- Your instructions: Copy out each line of the material in which the word "Long" appears.

- Exercise data:
☆ ☆ ☆

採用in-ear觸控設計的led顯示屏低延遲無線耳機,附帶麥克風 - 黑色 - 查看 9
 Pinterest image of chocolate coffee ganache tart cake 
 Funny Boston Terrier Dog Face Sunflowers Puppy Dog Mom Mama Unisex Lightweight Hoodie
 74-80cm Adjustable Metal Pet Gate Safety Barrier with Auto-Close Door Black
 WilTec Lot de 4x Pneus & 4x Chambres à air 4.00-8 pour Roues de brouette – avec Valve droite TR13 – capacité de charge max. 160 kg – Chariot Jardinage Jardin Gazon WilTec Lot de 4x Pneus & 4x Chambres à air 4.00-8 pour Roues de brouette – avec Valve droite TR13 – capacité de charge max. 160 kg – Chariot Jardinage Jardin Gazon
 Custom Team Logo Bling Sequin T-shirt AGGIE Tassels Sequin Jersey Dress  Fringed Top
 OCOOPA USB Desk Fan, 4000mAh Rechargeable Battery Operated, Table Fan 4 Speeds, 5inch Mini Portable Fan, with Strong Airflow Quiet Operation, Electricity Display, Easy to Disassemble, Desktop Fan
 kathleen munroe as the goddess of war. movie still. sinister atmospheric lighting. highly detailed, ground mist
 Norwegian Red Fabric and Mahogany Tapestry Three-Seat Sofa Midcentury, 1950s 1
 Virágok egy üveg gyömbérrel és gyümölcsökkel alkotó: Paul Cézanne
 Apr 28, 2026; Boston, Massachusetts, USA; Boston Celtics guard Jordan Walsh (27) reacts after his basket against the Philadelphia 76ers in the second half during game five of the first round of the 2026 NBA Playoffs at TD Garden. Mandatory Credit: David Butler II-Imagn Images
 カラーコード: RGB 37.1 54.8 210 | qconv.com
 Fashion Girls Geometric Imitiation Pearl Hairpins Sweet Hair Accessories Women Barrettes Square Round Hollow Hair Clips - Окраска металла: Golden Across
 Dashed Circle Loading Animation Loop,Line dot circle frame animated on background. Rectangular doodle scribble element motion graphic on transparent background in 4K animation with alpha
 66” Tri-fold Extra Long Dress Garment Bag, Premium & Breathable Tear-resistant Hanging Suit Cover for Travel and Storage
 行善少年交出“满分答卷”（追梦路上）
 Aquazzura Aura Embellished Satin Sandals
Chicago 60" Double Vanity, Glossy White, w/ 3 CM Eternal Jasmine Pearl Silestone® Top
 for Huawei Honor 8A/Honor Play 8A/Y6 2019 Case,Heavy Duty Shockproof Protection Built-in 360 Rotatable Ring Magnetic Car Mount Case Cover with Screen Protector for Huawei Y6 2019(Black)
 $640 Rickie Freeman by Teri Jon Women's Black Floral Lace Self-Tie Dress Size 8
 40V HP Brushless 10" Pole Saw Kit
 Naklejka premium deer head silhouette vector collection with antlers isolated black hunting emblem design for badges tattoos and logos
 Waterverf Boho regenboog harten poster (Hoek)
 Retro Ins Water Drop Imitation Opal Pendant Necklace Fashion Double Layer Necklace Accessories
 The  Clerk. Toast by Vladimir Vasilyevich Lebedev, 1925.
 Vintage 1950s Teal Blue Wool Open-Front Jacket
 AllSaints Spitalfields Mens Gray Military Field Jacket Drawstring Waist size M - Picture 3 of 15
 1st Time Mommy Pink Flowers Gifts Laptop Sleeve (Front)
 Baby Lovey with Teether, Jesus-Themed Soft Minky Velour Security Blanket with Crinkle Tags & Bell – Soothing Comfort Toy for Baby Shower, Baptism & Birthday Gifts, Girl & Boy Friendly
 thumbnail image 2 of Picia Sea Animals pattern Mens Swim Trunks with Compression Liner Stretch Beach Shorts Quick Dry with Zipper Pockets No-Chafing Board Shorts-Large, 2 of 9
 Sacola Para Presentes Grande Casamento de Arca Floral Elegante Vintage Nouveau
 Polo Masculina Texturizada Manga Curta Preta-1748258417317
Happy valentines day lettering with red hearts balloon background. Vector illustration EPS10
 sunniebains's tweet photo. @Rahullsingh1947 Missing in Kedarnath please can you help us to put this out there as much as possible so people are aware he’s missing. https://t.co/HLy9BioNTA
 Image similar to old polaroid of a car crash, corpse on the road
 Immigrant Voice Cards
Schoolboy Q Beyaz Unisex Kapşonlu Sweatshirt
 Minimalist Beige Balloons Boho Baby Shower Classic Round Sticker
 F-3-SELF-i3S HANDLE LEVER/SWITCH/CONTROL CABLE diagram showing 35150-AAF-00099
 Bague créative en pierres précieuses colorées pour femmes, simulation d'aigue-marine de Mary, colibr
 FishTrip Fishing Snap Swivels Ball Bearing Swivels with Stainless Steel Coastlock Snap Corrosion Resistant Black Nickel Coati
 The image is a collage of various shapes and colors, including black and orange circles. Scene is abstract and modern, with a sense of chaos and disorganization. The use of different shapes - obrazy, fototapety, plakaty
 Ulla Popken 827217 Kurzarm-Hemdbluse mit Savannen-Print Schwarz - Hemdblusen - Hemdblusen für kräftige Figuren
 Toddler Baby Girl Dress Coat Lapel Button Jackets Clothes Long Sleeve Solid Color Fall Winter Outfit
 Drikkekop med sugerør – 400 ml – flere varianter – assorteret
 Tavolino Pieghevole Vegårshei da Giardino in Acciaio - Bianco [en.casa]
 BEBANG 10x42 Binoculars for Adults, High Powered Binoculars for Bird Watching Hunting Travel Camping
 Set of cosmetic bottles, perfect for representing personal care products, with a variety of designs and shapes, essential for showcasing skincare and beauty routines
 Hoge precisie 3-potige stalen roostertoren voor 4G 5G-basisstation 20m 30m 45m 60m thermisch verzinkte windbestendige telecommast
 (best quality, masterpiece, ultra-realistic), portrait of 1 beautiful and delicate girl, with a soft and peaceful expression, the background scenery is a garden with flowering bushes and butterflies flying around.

☆ ☆ ☆

- Result of this task:
 66” Tri-fold Extra Long Dress Garment Bag, Premium & Breathable Tear-resistant Hanging Suit Cover for Travel and Storage
 Toddler Baby Girl Dress Coat Lapel Button Jackets Clothes Long Sleeve Solid Color Fall Winter Outfit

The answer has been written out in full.